Interpretation of regression lines

The problem with fitting separate regression lines by least squares in the different groups is that it is difficult to concisely explain the difference between the groups — the difference between the predicted response in the groups depends on the value of the explanatory variable.

In the two-group example below, the difference between Y in Groups 1 and 2 is much greater when X is large than when X is small.

Parallel regression lines

Interpretation is considerably simplified if we constrain the regression lines for the different groups to have the same slope. Select Parallel lines from the pop-up menu above. Both regression lines now have the same slope c, so Group 1 is predicted to be (a - b) higher than Group 2 irrespective of the value of X.

It is not appropriate to fit parallel lines to different groups for all data sets — always check a scatterplot first — but, if it is, the resulting least squares lines are much easier to interpret.

Least squares

The principle behind fitting parallel lines to two or more groups is the same as in ordinary simple regression — we choose the parameters to minimise the sum of squared residuals. The formulae for the resulting lines are much harder to express algebraically and will therefore not be described here. However most statistical software will do the calculations for you, so the precise details are of little importance.

Gas consumption and insulation

Data were collected in the 1960s at a house in south-east England about weekly gas consumption (in 1000 cubic feet) and the average outside temperature (in degrees Celsius) for 26 weeks before and 18 weeks after cavity-wall insulation had been installed.
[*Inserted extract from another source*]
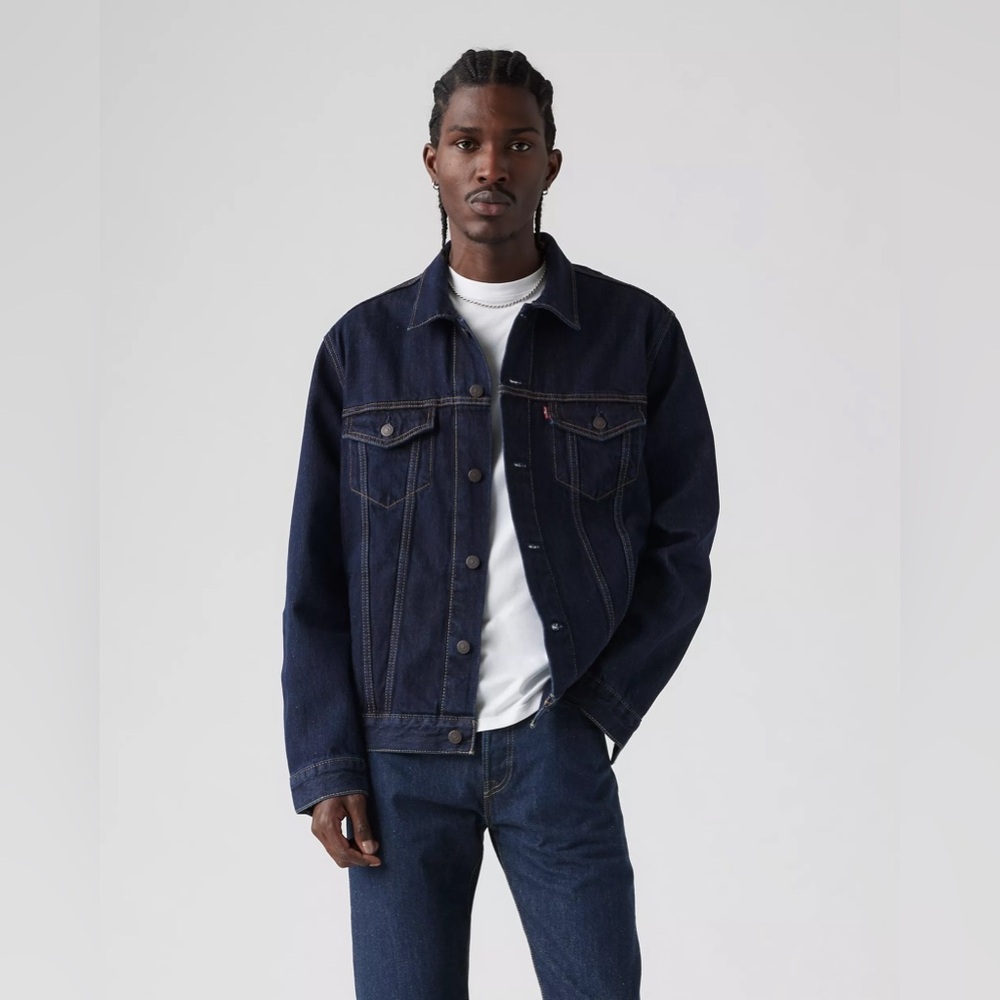 Levi’s Trucker jacket Men’s Size Large dark Blue Western Classic Denim Rugged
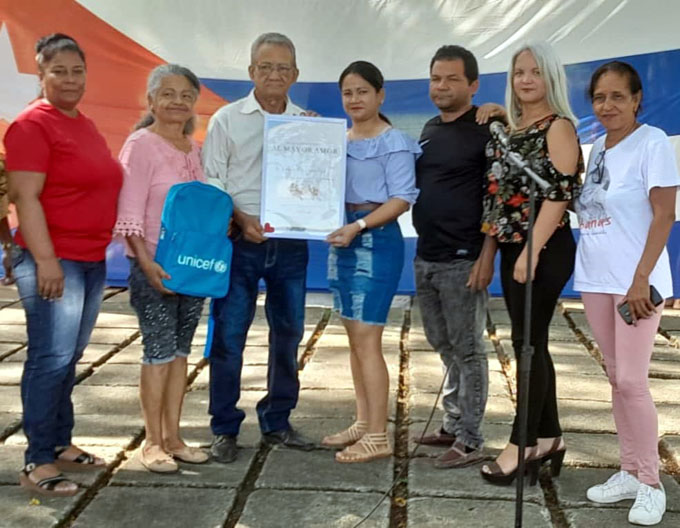 Otorgan a familia masoense premio Al mejor amor Otorgan a familia masoense premio Al mejor amor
The house thermostat was set at 20°C throughout.

The diagram initially shows a single regression line that is fitted by least squares to all the data.

There is clearly a difference between gas consumption before and after insulation was installed, so select Separate lines from the pop-up menu. These lines fit much closer to the data but it is much harder to summarise the effect of the insulation since it differs depending on the temperature.
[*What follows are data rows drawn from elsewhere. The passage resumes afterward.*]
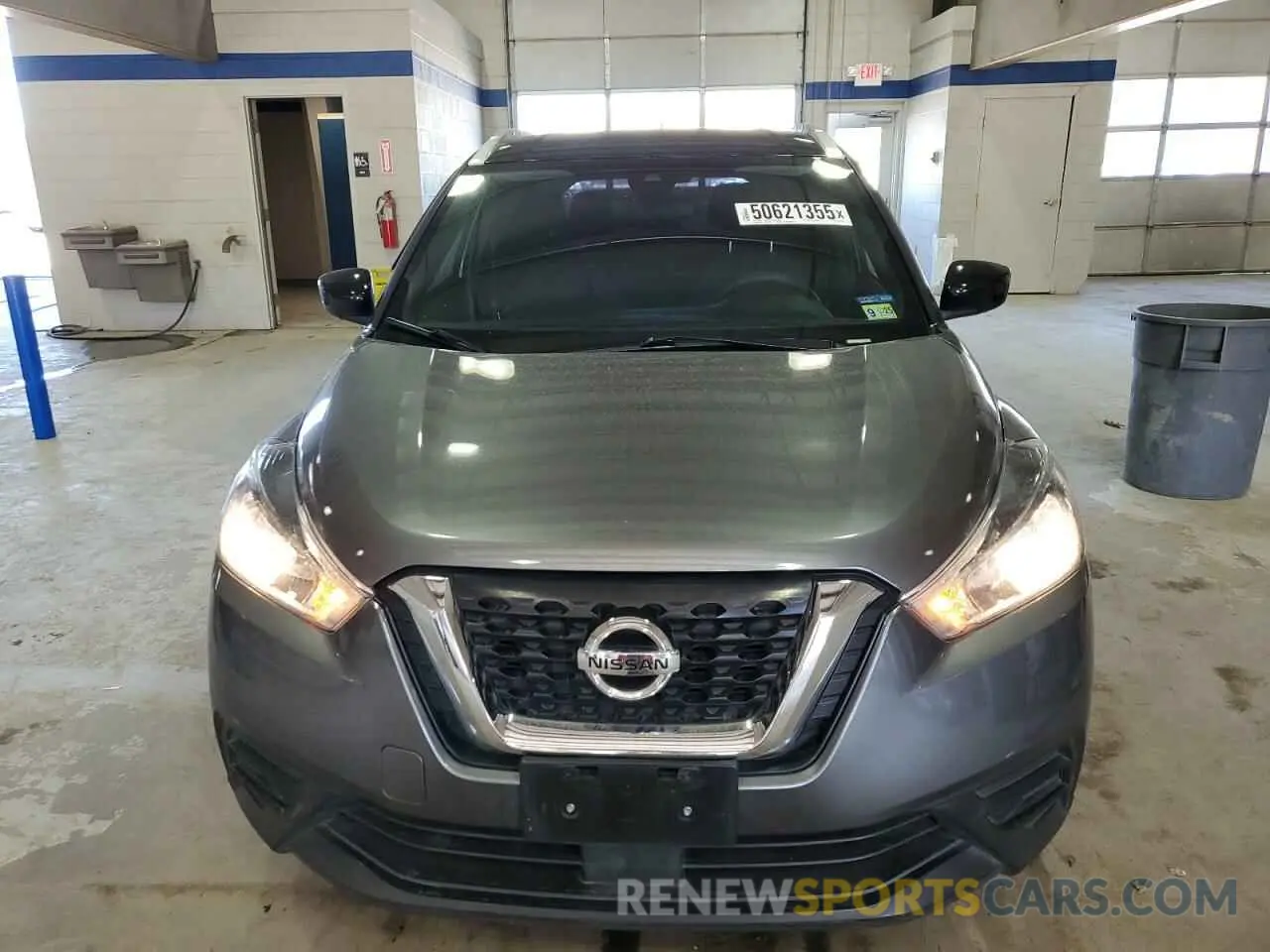 5 fotografías del automóvil dañado 3N1CP5CV0LL515779 NISSAN KICKS 2020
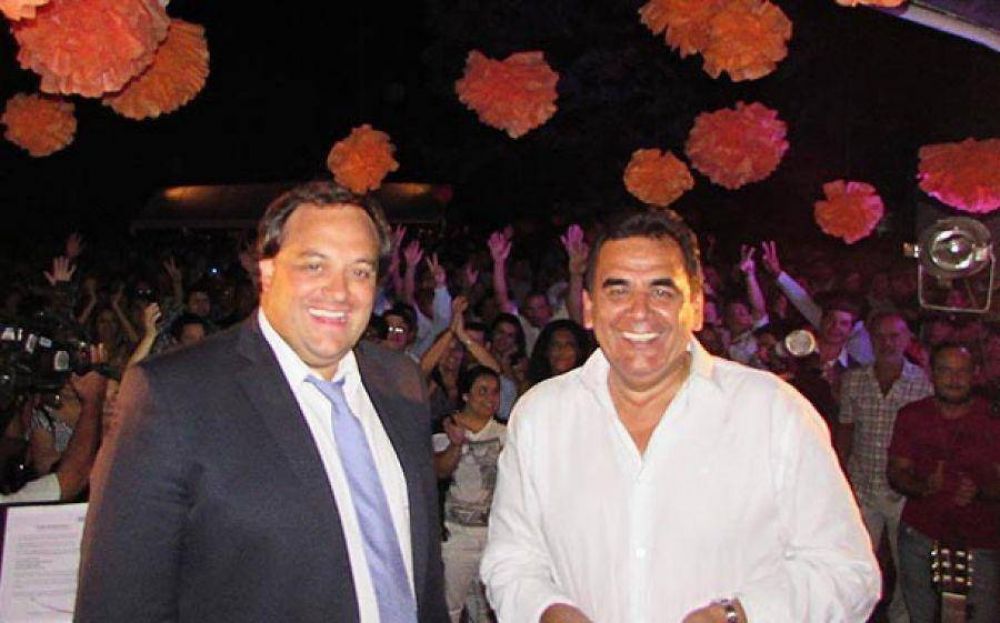 Molina reuni� a 1500 militantes para despedir el a�o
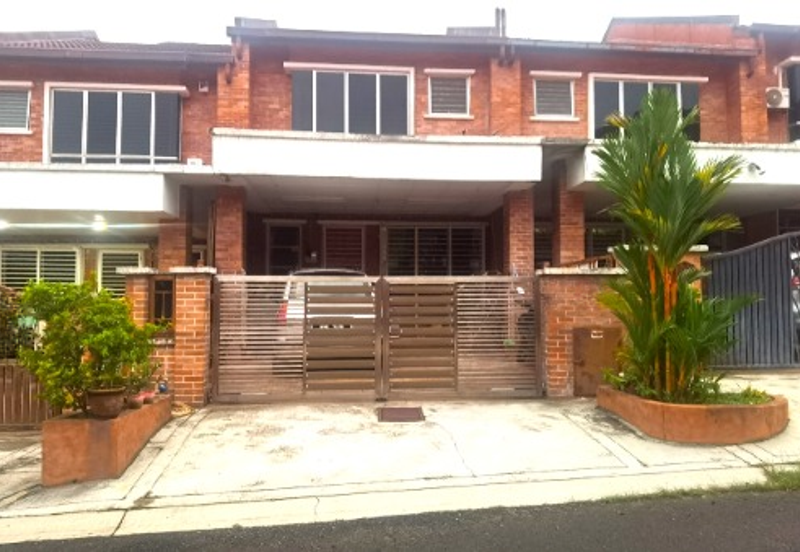 SL 9, Bandar Sungai Long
The separate lines seem to be close to parallel, so finally select Equal slopes from the pop-up menu to fit two parallel lines to the data (by least squares). From these parallel lines, we can summarise the effect of the insulation as follows.

Gas consumption is (6.717 - 4.922) = 1.795 lower after insulation, regardless of the outside temperature.
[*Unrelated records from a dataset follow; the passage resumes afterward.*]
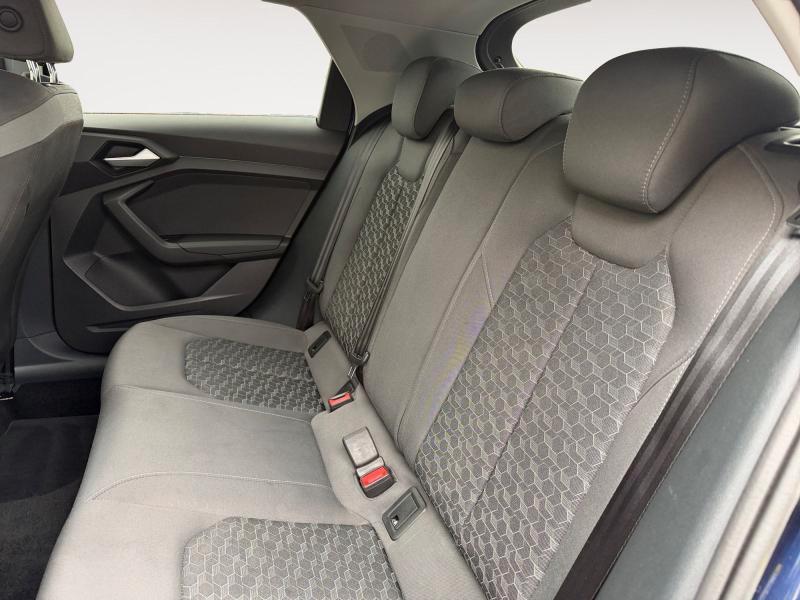 Audi A1 Sportback 30 1.0 tfsi Identity Black 116cv s-tronic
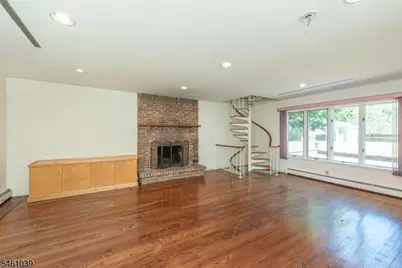 193 Walnut St, Livingston, NJ 07039 - Photo 22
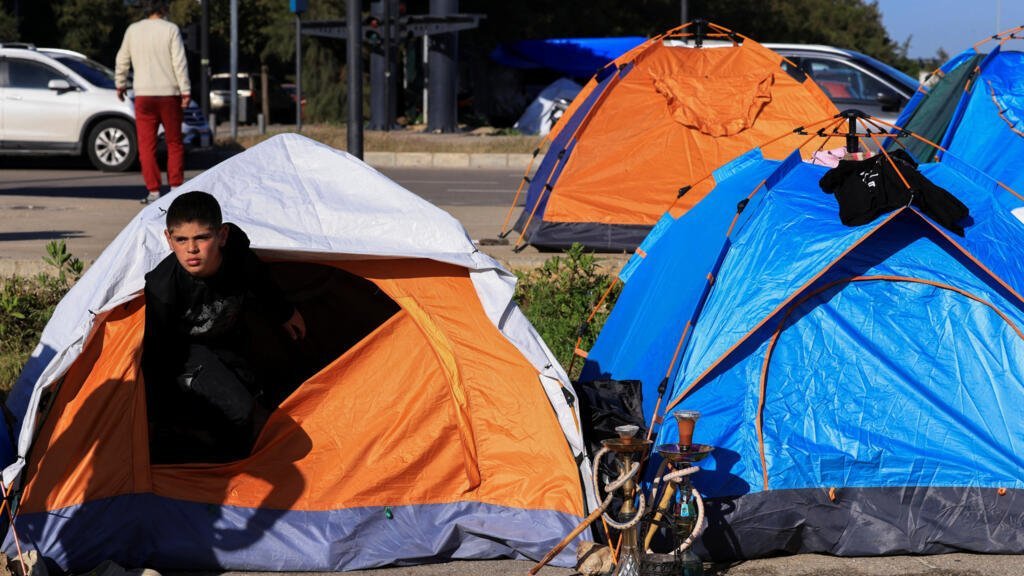 Un niño desplazado sale de su tienda de campaña tras la escalada de violencia entre Hezbolá e Israel, en medio del conflicto entre Estados Unidos e Israel con Irán, en Beirut (Líbano), el 17 de marzo de 2026.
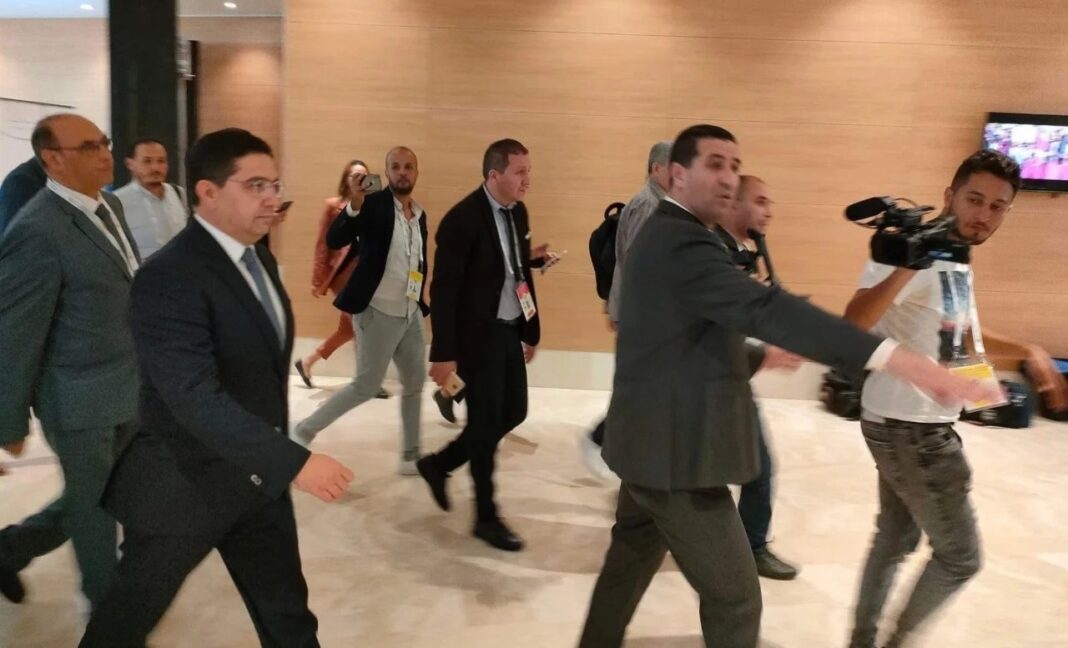 Sommet Arabe : Sommet Arabe : Enfin, voici la preuve que Bourita et ses compatriotes marocains sont venus simplement faits des bruits en Algérie Participants au sommet arabe en déplacement dans un hall moderne.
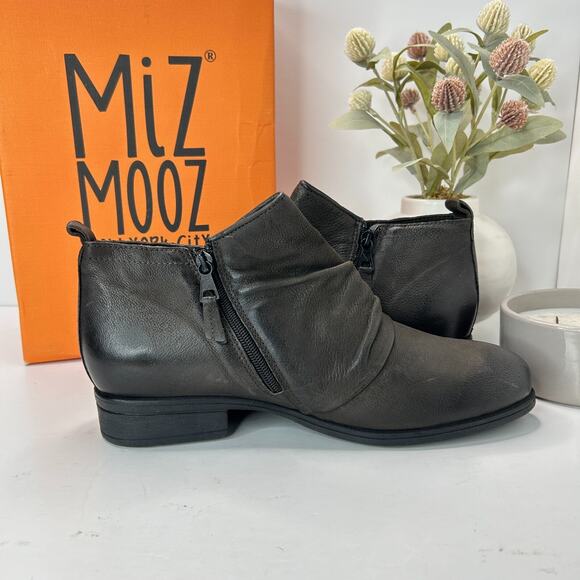 Miz Mooz Snap Wide Leather Studded Boot Ash Side Zip Women EU 41/10.5 Tried On - Picture 7 of 10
Are parallel lines reasonable?

Although the parallel lines seem to fit these data reasonably well and allow the effect of insulation to be summarised concisely, it is important to consider whether they match our knowledge of the physical system underlying the data. Surely we should expect that insulation would have more effect on gas consumption when the temperature is very low than when it is high? Perhaps parallel lines are an over-simplification and separate least squares lines should be used to describe the effect of insulation, despite the extra difficulty of interpretation.